Despite the popularity of MOOCs in higher education, there is precious little data on them. Stories of success and failure are almost universally anecdotal, with some statistics coming from MOOC platforms like Coursera and Udacity. To that end, the Bill & Melinda Gates Foundation has donated $1.4 million to nonprofit research group Ithaka S+R to conduct a “multicampus study of MOOCs” as part of a traditional college education:
“Ithaka S+R will monitor, assess, and document lessons learned from these implementations,” [Gates Foundation spokeswoman Debbie Robinson] continued. “Rigorous assessment of how students fared using these technologies will hopefully help reassure those concerned about educational quality, while documentation of obstacles encountered and overcome will help those struggling with implementation.”

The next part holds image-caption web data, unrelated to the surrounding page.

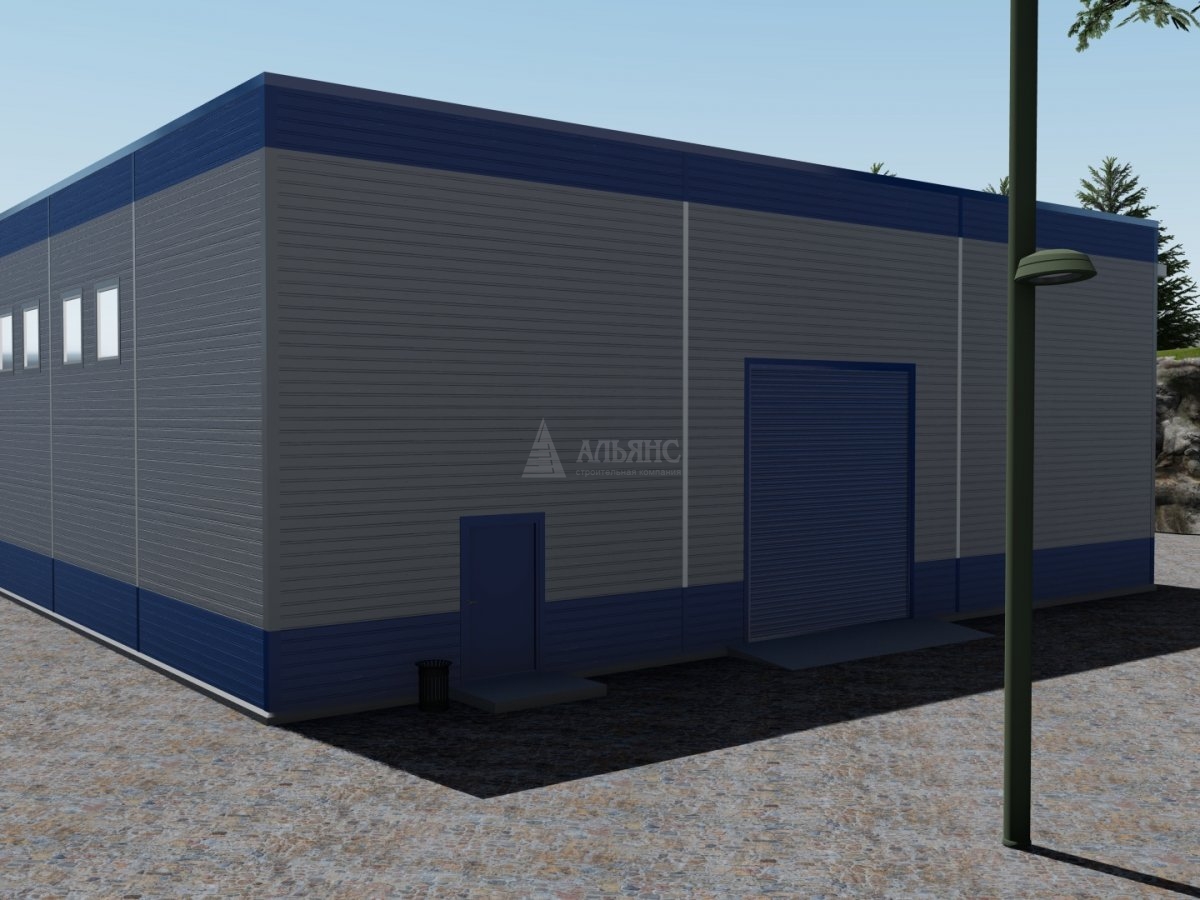 3D визуализация Склад-ангар готовой продукции из сэндвич-панелей - фото 14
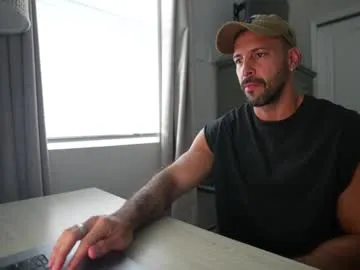 brucestryker — hang and jerk w Bruce clothes off at goal [900 tokens left] #muscle #hairy #bi #bigcock #daddy #cum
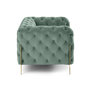 Voir la diapositive 3 : LISA DESIGN Camden - fauteuil chesterfield en velours - pieds en métal doré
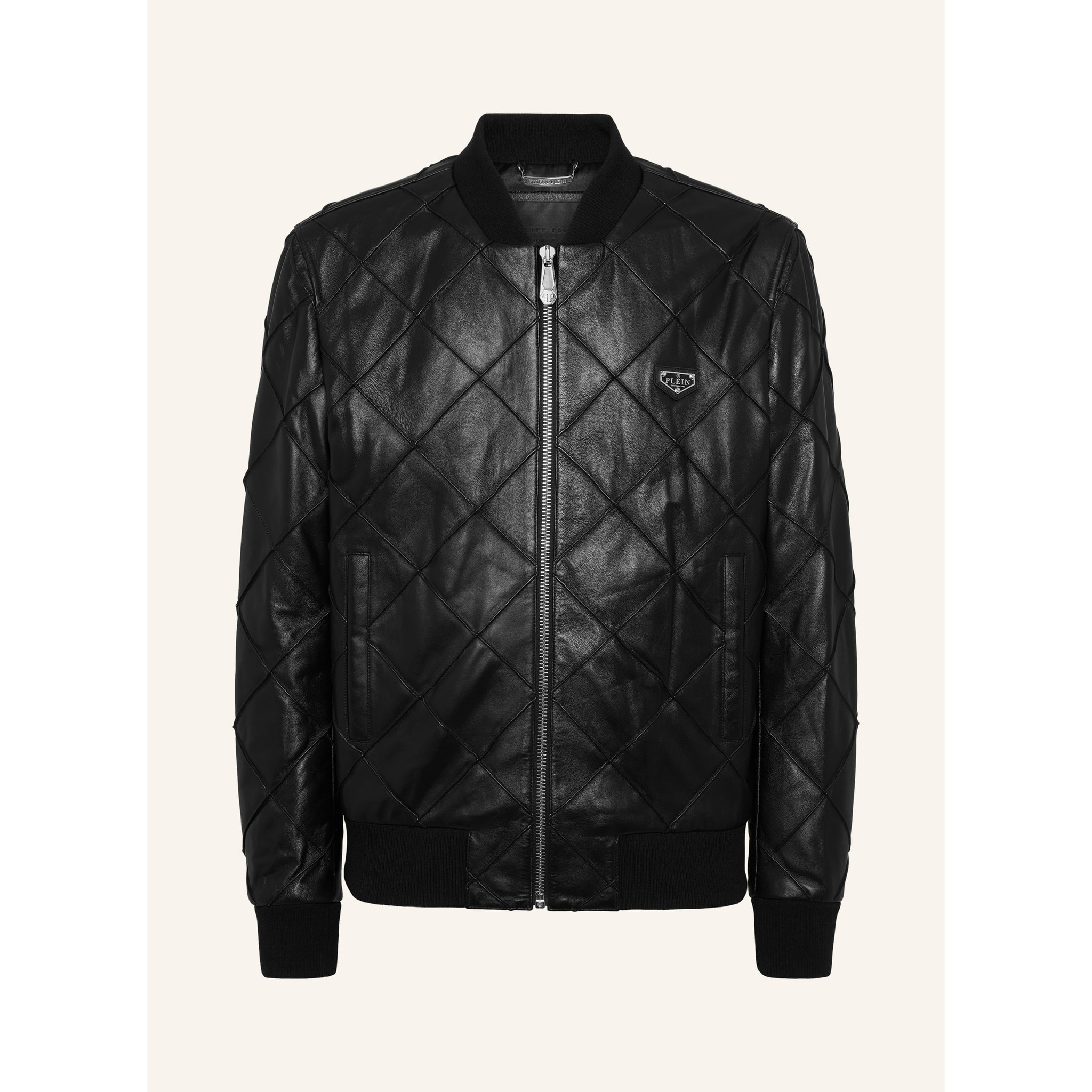 PHILIPP PLEIN Bomber de cuero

One of the most important questions Ithaka hopes to answer is whether MOOCs might enable universities to maintain or improve the quality of their courses while reducing the per-student cost of teaching them, said Kevin Guthrie, the president of Ithaka, in an interview.
Read Assessing Campus MOOCs on Inside Higher Ed.
Studies like this could define public perception of MOOCs and will certainly increase the depth of our knowledge on the topic. The Ithaka study will take about 18 months to complete. In the meantime, we’ve compiled 11 interesting statistics about MOOCs:$60 million Amount invested by Harvard and MIT to launch edX (Source) $21.1 million Venture capital funding that Udacity has raised (Source) 1.7 million Students who have registered for a Coursera class (Source) 370,000 Number of students who registered for edX courses in fall 2012 (Source) 150,000:1 The student-to-professor ratio in a fall 2011 Udacity class (Source) 98% The percentage of professors that Udacity rejects (Source) 38.5% The percentage of free online classes that are taught from the United States (Source) 33 Universities that have partnered with Coursera (Source) 27% Percentage of MOOCs that focus on computer science (Source) 6%–15% Percentage of gross revenue that Coursera pays to a partner university (Source) 5% The pass rate in MITX’s only massive open online course (Source)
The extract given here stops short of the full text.